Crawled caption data
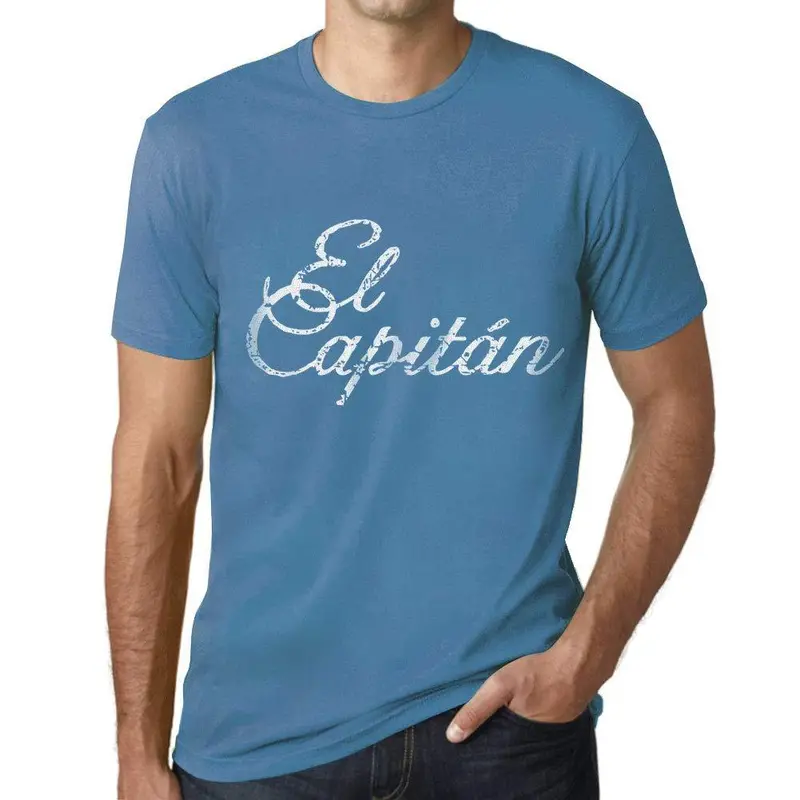 Ultrabasic - Homme T-Shirt Graphique El Capitán Lettres Imprimées Aqua 1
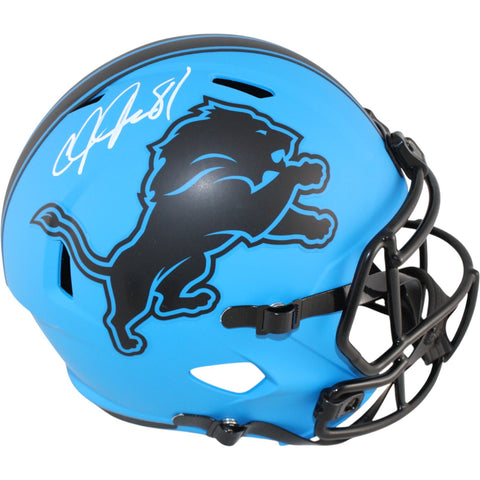 Calvin Johnson Autographed Detroit Lions F/S Rave Helmet Beckett Witness 51796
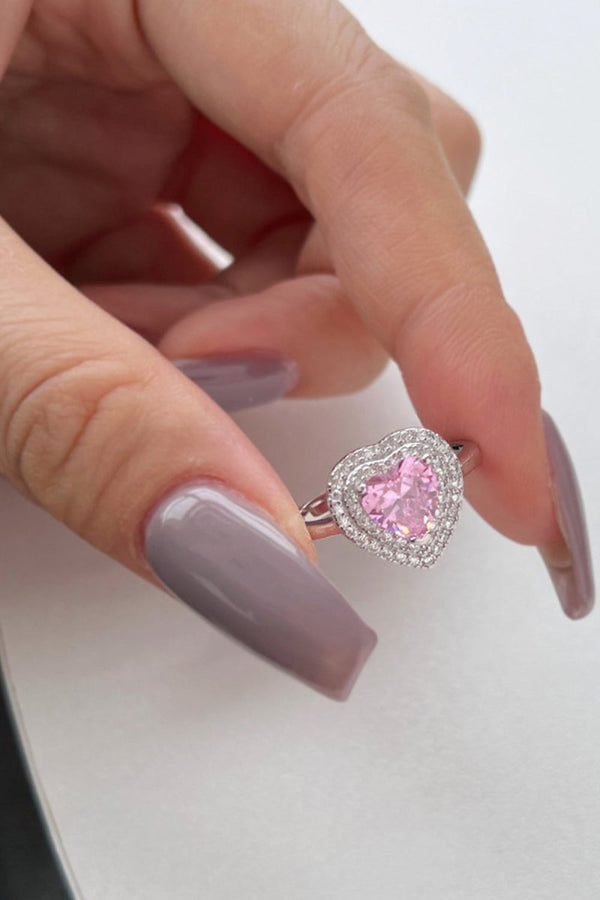 Heart Shape Pink Zircon Sterling Silver Ring - KissProm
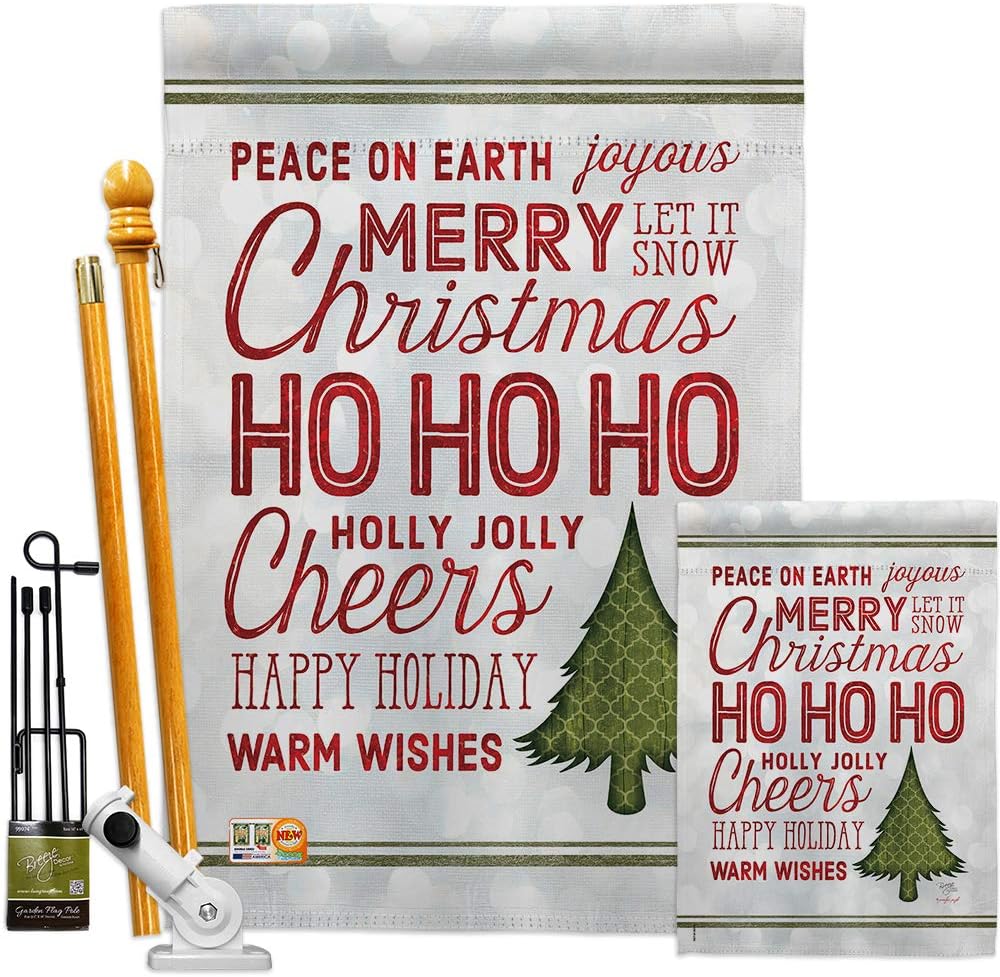 Amazon Com Breeze Decor Christmas Wishes Words Garden House Flags Kit Winter Santa Marry Xmas Present Reindeer Season Wintertime Snow Small Decorative Gift Yard Banner Made In Usa 28 X 40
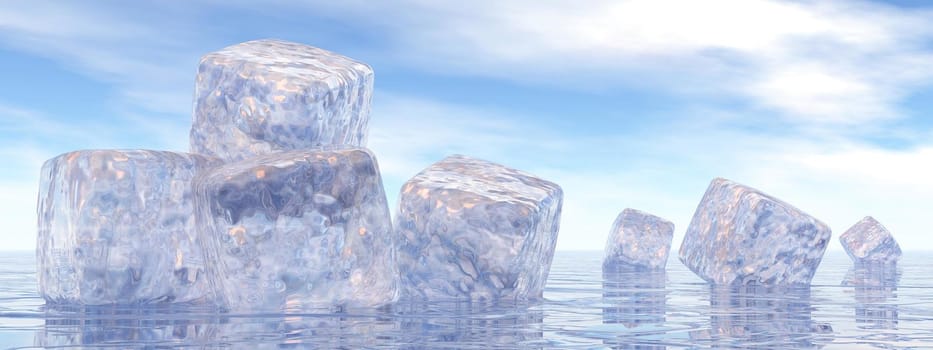 Close up on many ice cubes in water by beautiful day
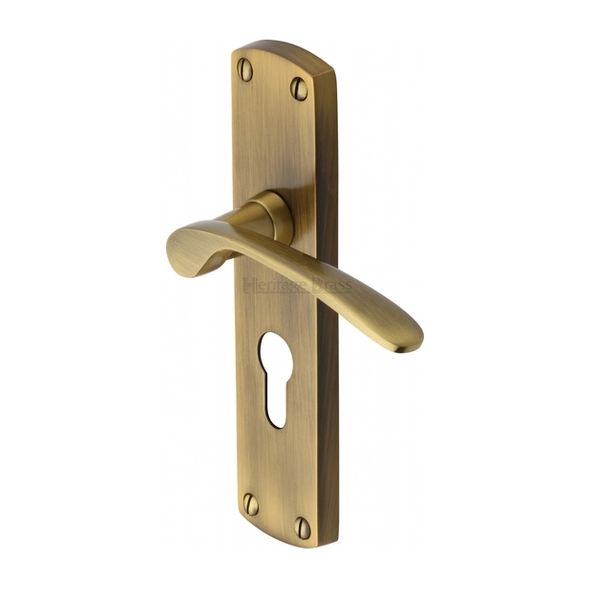 DIP7848-AT  Euro Cylinder [47.5mm]  Antique Brass  Heritage Brass Diplomat Levers On Backplates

# ABOUT THIS EXERCISE
Nothing but the lines from the one holding "Calvin Johnson Autographed" through the final line of the records above belongs in the answer, each retyped exactly; omit the pictures.

# OUTPUT
 Calvin Johnson Autographed Detroit Lions F/S Rave Helmet Beckett Witness 51796
 Heart Shape Pink Zircon Sterling Silver Ring - KissProm
 Amazon Com Breeze Decor Christmas Wishes Words Garden House Flags Kit Winter Santa Marry Xmas Present Reindeer Season Wintertime Snow Small Decorative Gift Yard Banner Made In Usa 28 X 40
 Close up on many ice cubes in water by beautiful day
 DIP7848-AT  Euro Cylinder [47.5mm]  Antique Brass  Heritage Brass Diplomat Levers On Backplates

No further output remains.